Aqb, a 4,000-square-foot studio complex and gallery space founded by the German-born entrepreneur Wolfgang Bartesch in 2004, is home to dozens of contemporary artists, including a number who are pushing the Hungarian scene forward in remarkable ways.
One of them, Zsófia Keresztes, will be representing the country at the 2022 Venice Biennale. Keresztes is known for incredibly ornate sculptures covered with colorful tesserae, large post-figurative works that explore themes like identity and mysticism. Her show in Venice, After Dreams: I Dare to Defy the Damage, curated by Mónika Zsikla, is partly inspired by a scene in Hungarian writer Antal Szerb’s 1937 book Journey by Moonlight, about a young man who discovers childhood memories through mosaics.
Aqb is also home to the art duo Lőrinc Borsos, who in November had an installation in this year’s Art Cologne in a section on Queer art in Budapest. The artists—known for their eerily macabre sculptures and for hosting the city’s best underground raves—have become something like the enfants terribles of Budapest.
Another artist ensconced in aqb, Botond Keresztesi, has become one of Hungary’s most exciting painters, whose diverse inspiration ranges from Futurism to the pulp action movie RoboCop, from the medieval painter Cimabue to other greats of the Italian Renaissance. While Keresztesi has made a name for himself abroad, working with big international galleries like Galerie Derouillon in Paris and the Hole in NYC, he keeps a relatively low profile at home.
Also taking their work beyond Hungary, the Budapest-based artists collective OFF Biennale recently announced the premier of 14 projects at next year’s international exhibition Documenta in Kassel, Germany. The works will look at how ecology, Eastern European nationalism, and political imagination are transforming society today.
But it’s not just artists transforming Budapest. Along with galleries like Ani Molnár and Trafo, both of which have long histories in the city, a new cohort of spaces is starting to sprout up, including Q Contemporary. a sprawling new contemporary art space opened in 2020 by Hong-Kong heiress and art collector Queenie Rosita Law. Her new gallery in Hong Kong, Double Q, will also be representing mostly central and Eastern European artists, such as Márton Nemes, József Csató and Gizella Rákóczy. “One of my goals is to provide a platform for both emerging and historically overlooked artist,” Law told Artnet News. “I would like to expand their careers beyond the region.”

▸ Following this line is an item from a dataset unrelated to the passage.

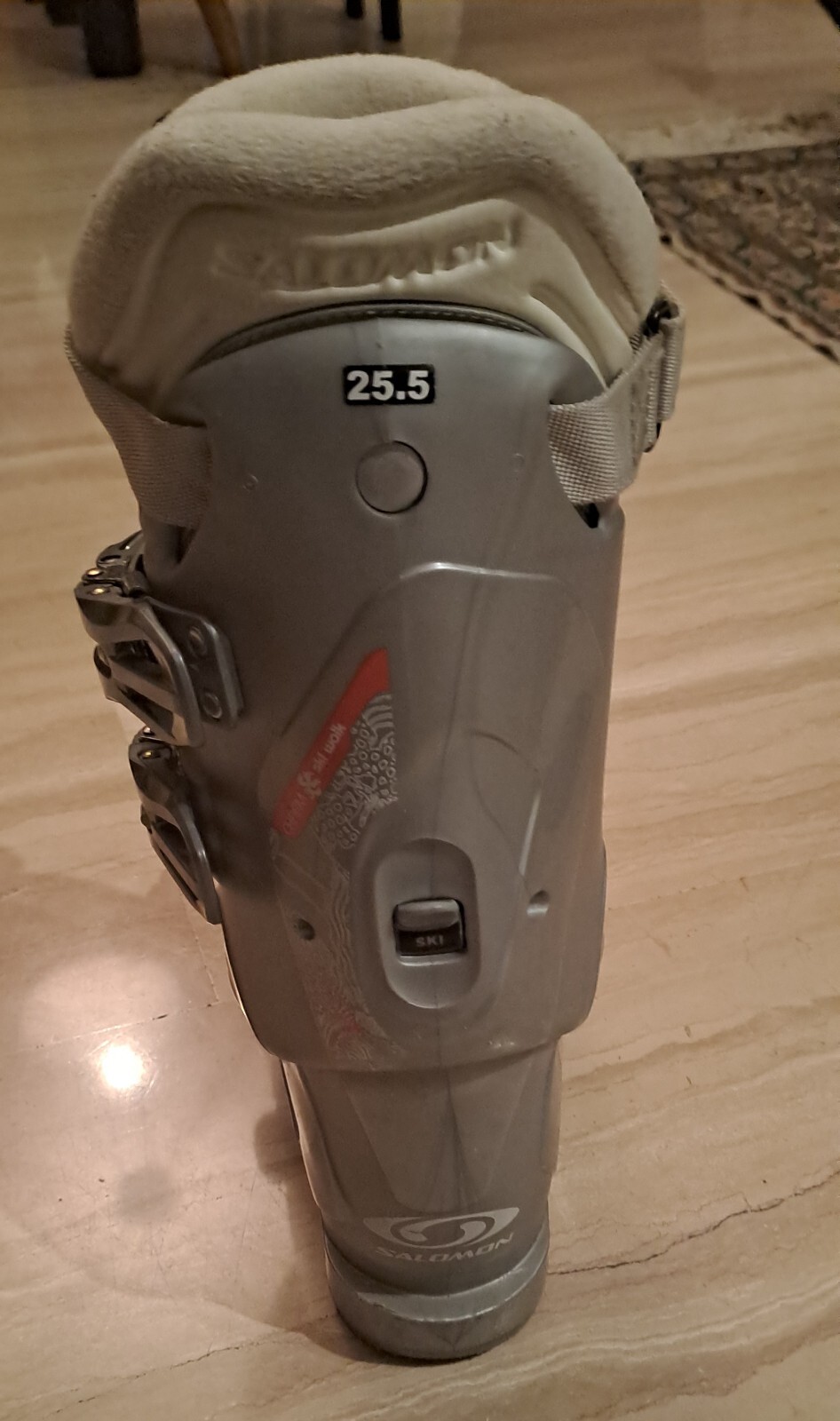 scarponi da sci donna Salomon grigi numero 39 ottimo stato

This November, the Hungarian collector and real estate investor, Zoltán Aczél, invited selected members of the press to tour a soon to open contemporary arts center in Budapest. It will be the third location Aczél has opened to house his growing collection of contemporary and Modern art. Named after Aczél’s late mother, the Éva Kahán Foundation already has one venue in Budapest, alongside one in Vienna’s Second district, where works from the foundation by the likes of Gustav Klimt are shown alongside younger artists like Monika Grabuschnigg and Andreas Greiner. Located in a former industrial warehouse, the new space is currently being renovated to the tune of €3m, and is slated to open in early 2022.

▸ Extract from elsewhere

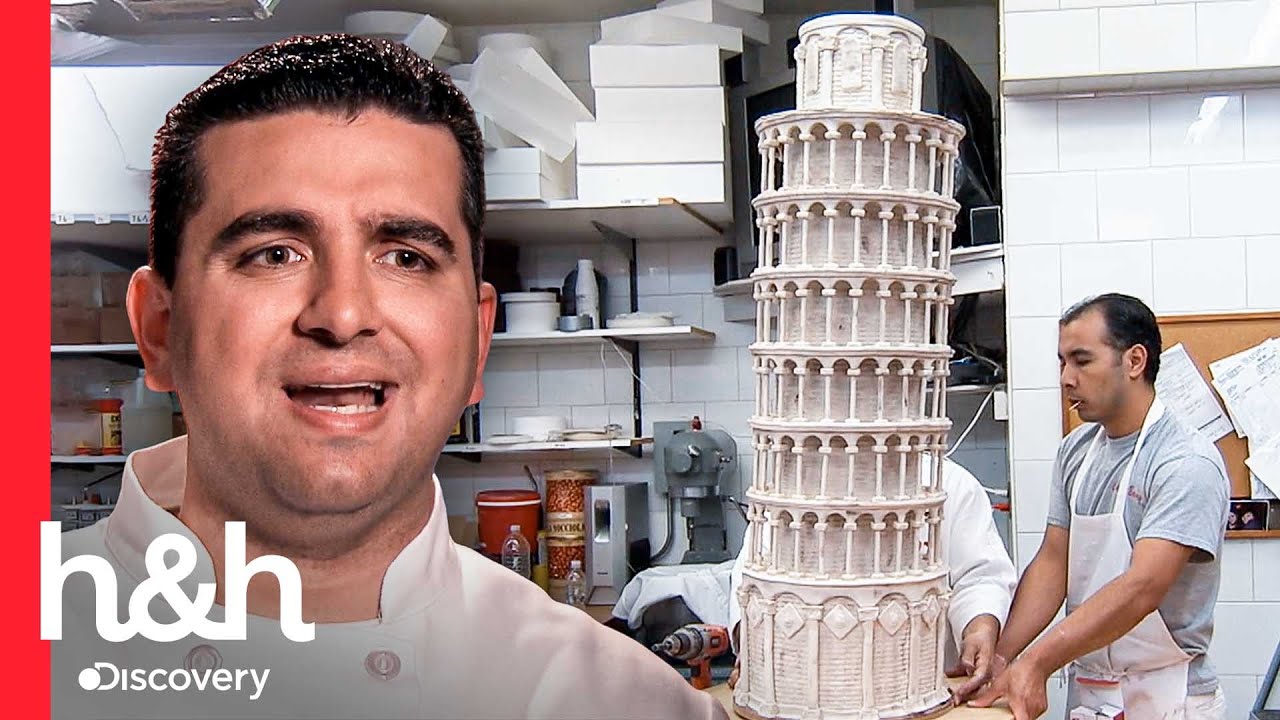 Buddy cria um bolo de casamento que reproduz a Torre de Pisa inclinada  | Cake Boss | H&H Brasil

The foundation collects mainly artists from Central and Eastern Europe, including through a well-funded residency in San Sano, Tuscany, where 10 artists have been invited to create new work on site next year. “The region has an incredible richness of original artists who are only just beginning to be recognized internationally,” says Marie-Eve Lafontaine, the foundation’s artistic director, told Artnet News. “These artists, for better or worse, have always had to grapple with a heritage of subtly political and ideologically motivated creative output, which is of course partly a result of their own histories and partly a result of the current geo-political situation.”
The concentration of artistic talent in Budapest makes the city enticing to other collectors too. Last year, several Hungarian collectors established a committee called “friends of contemporary art” who pool their money to support new acquisitions for the collection of the Hungarian National Gallery (MNG). Each committee member is allotted €10,000 to buy works for the museum. The group—established by acb Gallery founder Gábor Pados, together with collectors Katalin Spengler and Zsolt Somlói, Attila Brezóczki, László Vágó and Sándor Gönczy— aims to support emerging artists and to foster artistic growth in Hungary.
With so much going on, Budapest today feels more alive than ever. With artists benefiting from cheap and affordable studios, to new collectors entering the market, it seems that the historic city on the Danube is poised again to become one of Europe’s most exciting art destinations.